Project Sunflower assisting refugees fleeing Ukraine

By Alejandra Pulido-Guzman - Lethbridge Herald on April 23, 2022.

Herald file photo by Dale Woodard Mykhailo Pereverza, one of the main organizers of the Ukraine Solidarity Rally, waves the Ukranian flag among a throng of singing and chanting supporters back in February outside of city hall.

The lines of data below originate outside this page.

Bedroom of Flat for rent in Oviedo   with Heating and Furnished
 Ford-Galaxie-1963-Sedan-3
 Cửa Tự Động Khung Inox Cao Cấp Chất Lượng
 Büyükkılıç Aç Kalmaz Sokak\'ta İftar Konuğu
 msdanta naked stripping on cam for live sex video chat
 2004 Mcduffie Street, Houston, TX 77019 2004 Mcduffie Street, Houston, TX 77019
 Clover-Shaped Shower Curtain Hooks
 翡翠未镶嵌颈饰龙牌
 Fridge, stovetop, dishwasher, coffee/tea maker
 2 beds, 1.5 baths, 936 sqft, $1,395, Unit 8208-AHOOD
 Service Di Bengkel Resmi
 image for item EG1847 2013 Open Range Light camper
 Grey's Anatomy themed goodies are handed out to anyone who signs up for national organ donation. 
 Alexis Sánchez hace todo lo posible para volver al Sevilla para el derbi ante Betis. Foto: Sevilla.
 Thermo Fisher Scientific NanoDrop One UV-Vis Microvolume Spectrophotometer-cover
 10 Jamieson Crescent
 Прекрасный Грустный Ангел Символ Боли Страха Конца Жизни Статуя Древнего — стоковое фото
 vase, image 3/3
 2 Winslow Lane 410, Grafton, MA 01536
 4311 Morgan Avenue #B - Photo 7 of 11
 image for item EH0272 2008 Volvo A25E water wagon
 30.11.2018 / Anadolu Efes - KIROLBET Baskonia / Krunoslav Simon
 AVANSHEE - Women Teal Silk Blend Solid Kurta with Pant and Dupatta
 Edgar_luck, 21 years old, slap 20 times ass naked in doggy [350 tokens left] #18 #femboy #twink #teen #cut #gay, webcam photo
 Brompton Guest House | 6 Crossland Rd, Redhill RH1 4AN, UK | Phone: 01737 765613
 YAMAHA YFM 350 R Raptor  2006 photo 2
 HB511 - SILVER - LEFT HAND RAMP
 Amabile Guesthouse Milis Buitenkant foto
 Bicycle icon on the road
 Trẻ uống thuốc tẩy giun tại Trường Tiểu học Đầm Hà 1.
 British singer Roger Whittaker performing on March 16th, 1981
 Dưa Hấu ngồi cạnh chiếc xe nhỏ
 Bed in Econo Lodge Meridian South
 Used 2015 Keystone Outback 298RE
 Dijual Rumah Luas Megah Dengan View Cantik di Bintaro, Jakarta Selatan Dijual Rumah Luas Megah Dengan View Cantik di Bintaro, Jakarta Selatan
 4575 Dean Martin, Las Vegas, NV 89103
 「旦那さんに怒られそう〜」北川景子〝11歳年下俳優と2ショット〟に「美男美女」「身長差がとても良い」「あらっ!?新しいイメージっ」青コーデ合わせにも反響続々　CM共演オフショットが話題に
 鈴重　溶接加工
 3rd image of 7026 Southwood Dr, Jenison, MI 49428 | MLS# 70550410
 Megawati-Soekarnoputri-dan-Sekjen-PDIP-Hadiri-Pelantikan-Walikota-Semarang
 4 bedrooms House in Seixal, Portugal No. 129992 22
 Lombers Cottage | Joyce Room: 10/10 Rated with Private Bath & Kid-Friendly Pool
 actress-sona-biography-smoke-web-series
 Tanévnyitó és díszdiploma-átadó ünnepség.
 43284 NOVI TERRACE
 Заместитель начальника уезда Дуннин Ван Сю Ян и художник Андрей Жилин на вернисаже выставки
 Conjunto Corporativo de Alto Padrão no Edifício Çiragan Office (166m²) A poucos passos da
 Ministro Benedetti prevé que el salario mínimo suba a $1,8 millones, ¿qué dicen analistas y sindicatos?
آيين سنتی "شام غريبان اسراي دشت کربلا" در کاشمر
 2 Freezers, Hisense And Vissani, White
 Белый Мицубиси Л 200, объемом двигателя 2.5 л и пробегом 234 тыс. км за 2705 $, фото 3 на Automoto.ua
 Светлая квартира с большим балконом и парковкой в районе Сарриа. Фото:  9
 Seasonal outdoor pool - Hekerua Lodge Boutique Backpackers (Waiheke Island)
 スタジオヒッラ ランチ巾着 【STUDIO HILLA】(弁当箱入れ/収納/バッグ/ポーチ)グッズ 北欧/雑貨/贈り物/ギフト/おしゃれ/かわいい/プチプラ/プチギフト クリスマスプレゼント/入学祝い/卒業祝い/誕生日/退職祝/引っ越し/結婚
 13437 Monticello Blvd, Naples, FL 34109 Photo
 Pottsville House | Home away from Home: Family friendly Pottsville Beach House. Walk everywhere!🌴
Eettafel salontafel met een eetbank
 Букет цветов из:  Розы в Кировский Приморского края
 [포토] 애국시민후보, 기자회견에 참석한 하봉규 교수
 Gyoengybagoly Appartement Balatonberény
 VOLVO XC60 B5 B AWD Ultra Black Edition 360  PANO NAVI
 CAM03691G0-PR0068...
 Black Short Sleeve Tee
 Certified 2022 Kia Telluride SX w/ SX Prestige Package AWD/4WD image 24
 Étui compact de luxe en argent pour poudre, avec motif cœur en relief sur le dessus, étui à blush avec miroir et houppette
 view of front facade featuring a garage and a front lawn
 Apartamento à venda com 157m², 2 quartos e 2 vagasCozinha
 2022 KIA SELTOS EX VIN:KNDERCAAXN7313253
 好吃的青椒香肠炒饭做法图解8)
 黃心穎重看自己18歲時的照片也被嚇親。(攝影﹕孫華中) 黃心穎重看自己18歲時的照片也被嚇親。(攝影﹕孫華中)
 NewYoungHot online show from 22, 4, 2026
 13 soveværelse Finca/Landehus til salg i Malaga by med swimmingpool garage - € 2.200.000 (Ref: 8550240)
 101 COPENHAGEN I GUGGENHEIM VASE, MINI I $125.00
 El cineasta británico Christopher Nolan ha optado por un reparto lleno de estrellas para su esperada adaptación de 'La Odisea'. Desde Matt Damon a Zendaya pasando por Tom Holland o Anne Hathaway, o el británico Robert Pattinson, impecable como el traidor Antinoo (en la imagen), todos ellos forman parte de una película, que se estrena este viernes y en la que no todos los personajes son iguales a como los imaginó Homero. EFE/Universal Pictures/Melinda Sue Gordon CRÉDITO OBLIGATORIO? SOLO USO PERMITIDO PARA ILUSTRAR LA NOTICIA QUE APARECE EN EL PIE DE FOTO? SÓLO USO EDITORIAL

LETHBRIDGE HERALDapulido@lethbridgeherald.com

From a rally held at Lethbridge City Hall in February to stand in solidarity with Ukraine, Project Sunflower emerged to continue helping those trying to come to Canada to escape war.
Rally organizer and Project Sunflower participant, Mykhailo Pereverza has been able to take time off from work to help as many people as possible for the last couple of months.
“I wasn’t able to just sit. It was something internal inside me telling me I have to do something. It’s not that I was able to do much, but still, this is a small thing we can do here. But we try to do our best, said Pereverza during the rally in February.
Since he spoke those words, he has been able to do a lot more, with the help of multiple people who like him, cannot sit idle while people are trying to escape the war.
“We have found a lot of people who need help, and we have found a bunch of people here in Lethbridge and around who want to help and quite a few employers. Already brought one family here,” said Pereverza.
He said he raised funds through a gofundme page, to bring a family to Lethbridge who was stuck in Sri Lanka trying to escape the war.
Project Sunflower is pursuing society status to be able to help even more people in different ways, as right now they have limitations.
Another member of the Project Sunflower, Marc Woons, said they are trying to get supports in Lethbridge in place to fill some of the gaps that exist to help Ukrainians.
“Part of what we’re doing is identifying Ukrainians who are interested in coming to this area, then through some of our individual connections, we know some of the people who are willing to host, because we don’t have a society, we don’t really match people in general,” said Woons.
He said that their focus keeps changing. At the beginning they were focused on understanding the visa requirements the government of Canada has, and the new visa program that Ukrainians are able to apply for in order to come to Canada to be able to help Ukrainians abroad with the process.
“We’ve helped probably hundreds of people all over Europe and other parts of the world that applied for visas,” said Woons.
He said some have already arrived here and some have been able to arrive in other parts of the country.
Woons said he originally got involved by posting a basement suite available to host anyone escaping the war in a page that is globally reached, and a family trying to escape the war which is at the moment stuck in China, responded to his ad.
“When people started approaching me, my wife said ‘well now we have somebody, maybe we could take it down’ but I just didn’t feel like taking it down because it was kind of a door through which people could communicate,” said Woons.